Slavoj Zizek has written in several places — but here I am specifically referring to Revolution at the gates: a selection of writings from February to October 1917 — that,

“On today’s market, we find a whole series of products deprived of their malignant property: coffee without caffeine, cream without fat, beer without alcohol. . . .  Virtual Reality simply generalizes this procedure of offering a product deprived of its substance: it provides reality itself deprived of its substance, of the hard resistant kernel of the Real — just as decaffeinated coffee smells and tastes like the real coffee without being real coffee, Virtual Reality is experienced as reality without being so.”
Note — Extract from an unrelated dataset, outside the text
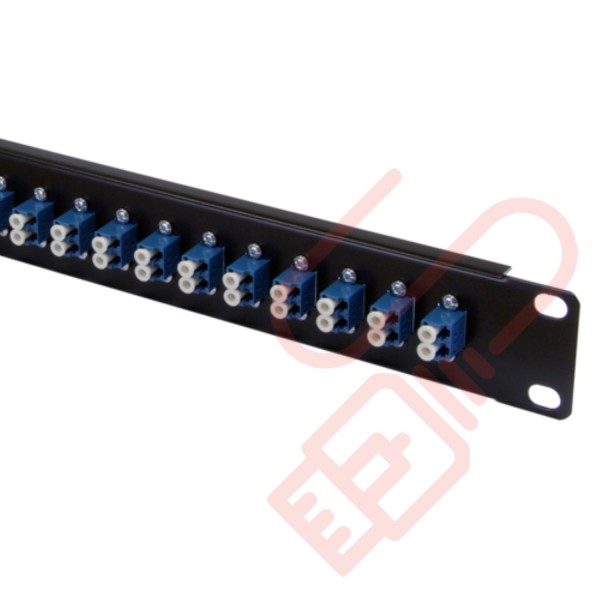 LC Singlemode 24 Port 1U Patch Panel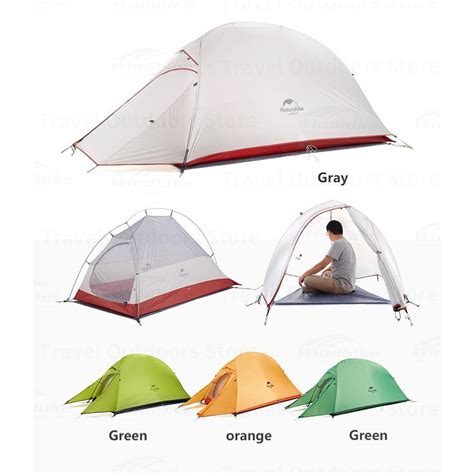 Jual Naturehike Cloud Up Tenda Ultra Ringan Berkemah Kubah Tenda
Coffee without caffeine, cream without fat, beer without alcohol, war without death (at least on our side, as Zizek claims); but what about the theological (specifically Christian) question: what is Christianity’s (to use Zizek’s language) chocolate laxative today? We could say: Christianity without Christ, Christianity without faith, etc., etc. The problem that I am confronting here is one in which the problem of the chocolate laxative is complicated (obviously so!) in relation to communities of persons. . . So, the question I am asking myself is this: what is the hard resistant kernel of the Real in Christianity? And, subsequently, in Christianity, what is experienced as reality without being so?

[added later]

But Christ, faith, these are not malignant properties, rather substances as such. Or can one consider the skandalon a “malignant” property?